3. The lace according to claim 1, wherein the diameter of the knobby portion of the lace body is 1.5 times or more of that of a non-knobby portion of the lace body without tension in the axial direction.

4. The lace according to claim 1, wherein the diameter of the knobby portion of the lace body is 1.3 times or less of that of the non-knobby portion of the lace body under tension in the axial direction.

5. The lace according to claim 2, wherein the lace body is braided at 45 degrees angle to the axial direction.

6. The lace according to claim 2, wherein the diameter of the knobby portion of the lace body is 1.5 times or more of that of a non-knobby portion of the lace body without tension in the axial direction.

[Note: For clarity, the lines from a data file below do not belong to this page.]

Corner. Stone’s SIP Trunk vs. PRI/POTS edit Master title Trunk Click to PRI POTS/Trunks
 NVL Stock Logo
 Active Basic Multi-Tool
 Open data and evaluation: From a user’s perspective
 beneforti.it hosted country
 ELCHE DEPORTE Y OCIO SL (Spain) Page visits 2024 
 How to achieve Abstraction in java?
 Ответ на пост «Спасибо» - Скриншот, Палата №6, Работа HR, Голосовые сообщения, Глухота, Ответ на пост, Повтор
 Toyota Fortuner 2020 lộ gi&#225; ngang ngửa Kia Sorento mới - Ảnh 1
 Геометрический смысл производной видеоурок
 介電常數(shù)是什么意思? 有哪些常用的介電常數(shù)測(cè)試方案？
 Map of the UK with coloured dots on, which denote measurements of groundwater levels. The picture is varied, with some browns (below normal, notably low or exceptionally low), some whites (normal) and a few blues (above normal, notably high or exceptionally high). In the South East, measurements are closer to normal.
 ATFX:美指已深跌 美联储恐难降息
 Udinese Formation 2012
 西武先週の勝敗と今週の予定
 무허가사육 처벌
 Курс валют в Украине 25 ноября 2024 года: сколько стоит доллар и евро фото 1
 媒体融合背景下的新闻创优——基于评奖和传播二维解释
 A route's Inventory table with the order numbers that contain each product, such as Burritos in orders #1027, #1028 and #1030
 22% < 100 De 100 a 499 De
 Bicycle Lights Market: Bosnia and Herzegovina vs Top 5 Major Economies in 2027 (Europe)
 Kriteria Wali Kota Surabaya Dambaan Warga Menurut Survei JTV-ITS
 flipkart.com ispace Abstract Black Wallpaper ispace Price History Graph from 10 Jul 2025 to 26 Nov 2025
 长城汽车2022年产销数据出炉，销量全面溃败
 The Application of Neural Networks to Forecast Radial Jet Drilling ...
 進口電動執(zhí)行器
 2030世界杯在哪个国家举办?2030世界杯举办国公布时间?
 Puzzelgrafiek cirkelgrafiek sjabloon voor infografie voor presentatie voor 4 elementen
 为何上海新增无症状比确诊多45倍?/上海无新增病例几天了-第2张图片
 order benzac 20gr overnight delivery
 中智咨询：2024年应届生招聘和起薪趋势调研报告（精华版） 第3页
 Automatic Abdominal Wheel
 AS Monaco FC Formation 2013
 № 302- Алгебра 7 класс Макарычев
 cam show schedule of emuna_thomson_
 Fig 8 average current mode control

7. The lace according to claim 2, wherein the diameter of the knobby portion of the lace body is 1.3 times or less of that of the non-knobby portion of the lace body under tension in the axial direction.

8. The lace according to claim 3, wherein the diameter of the knobby portion of the lace body is 1.3 times or less of that of the non-knobby portion of the lace body under tension in the axial direction.

9. The lace according to claim 2, wherein the diameter of the knobby portion of the lace body is 1.5 times or more of that of a non-knobby portion of the lace body without tension in the axial direction, and

wherein the lace body is braided at 45 degrees angle to the axial direction.

10. The lace according to claim 2, wherein the diameter of the knobby portion of the lace body is 1.3 times or less of that of the non-knobby portion of the lace body under tension in the axial direction, and

wherein the lace body is braided at 45 degrees angle to the axial direction.

11. The lace according to claim 1, wherein the lace is configured to be materials selected from the group consisting of rubber tubing, inelastic materials, and a combination thereof, the inelastic materials comprising materials selected from the group consisting of polyester, nylon, acryl, polyurethane, and any combination thereof.